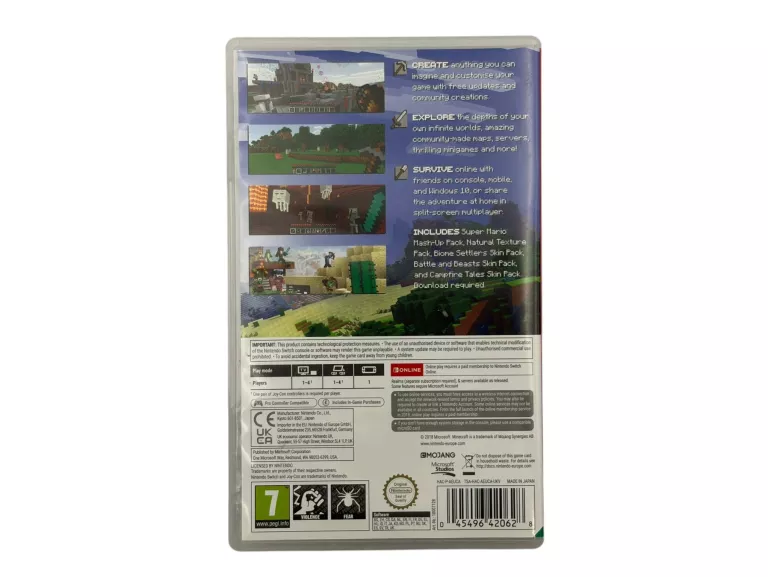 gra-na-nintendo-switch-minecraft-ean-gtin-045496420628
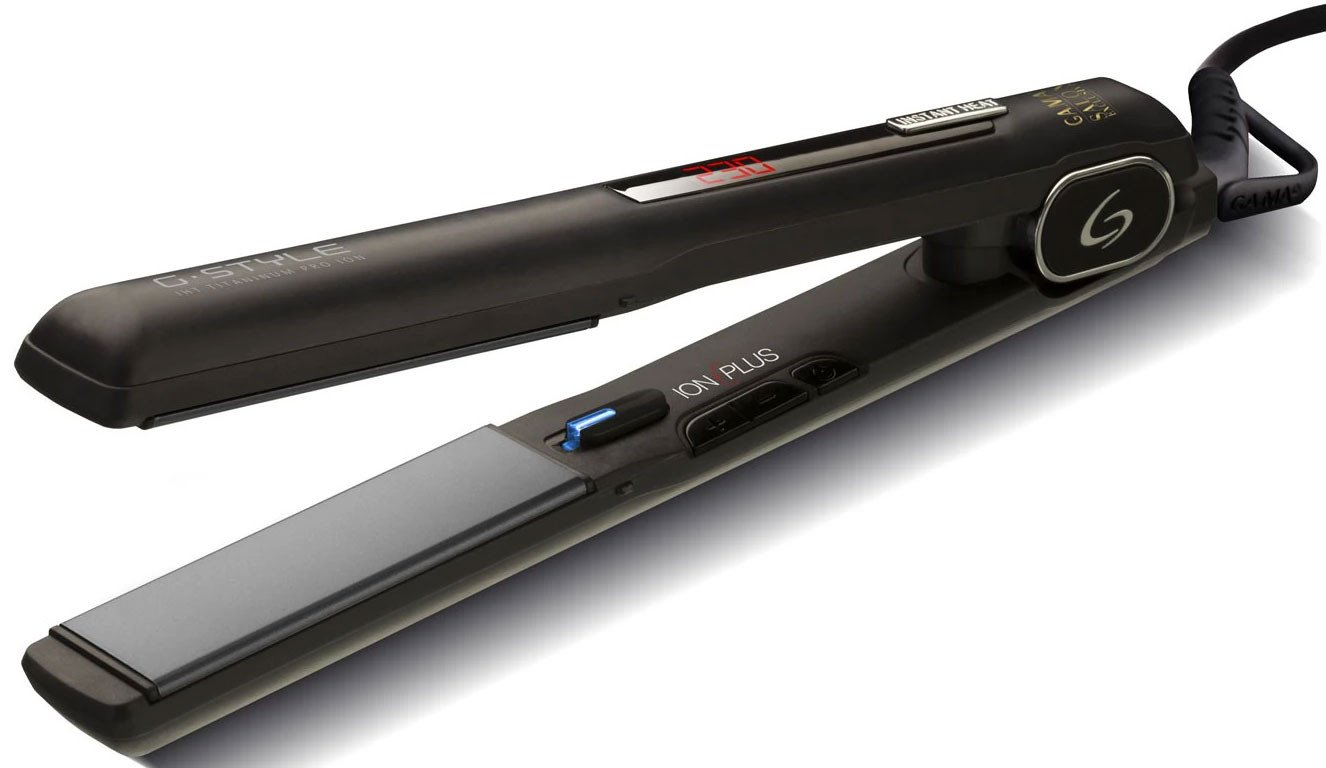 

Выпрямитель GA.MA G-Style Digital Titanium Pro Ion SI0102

******************************

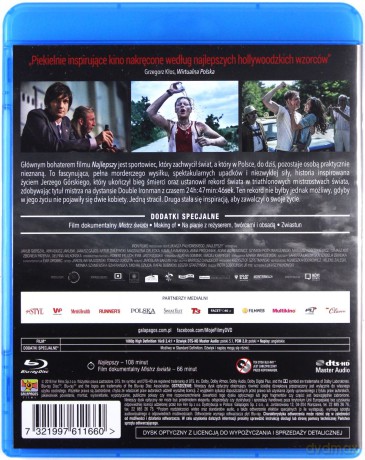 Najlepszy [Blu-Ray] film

******************************

Exercise directions
The stretch to restate runs from the line above containing "gra-na-nintendo-switch-minecraft-ean-gtin-045496420628" through the line containing "Выпрямитель GA.MA G-Style". Copy it word for word, ends included, without pictures.

Expected answer
 gra-na-nintendo-switch-minecraft-ean-gtin-045496420628

Выпрямитель GA.MA G-Style Digital Titanium Pro Ion SI0102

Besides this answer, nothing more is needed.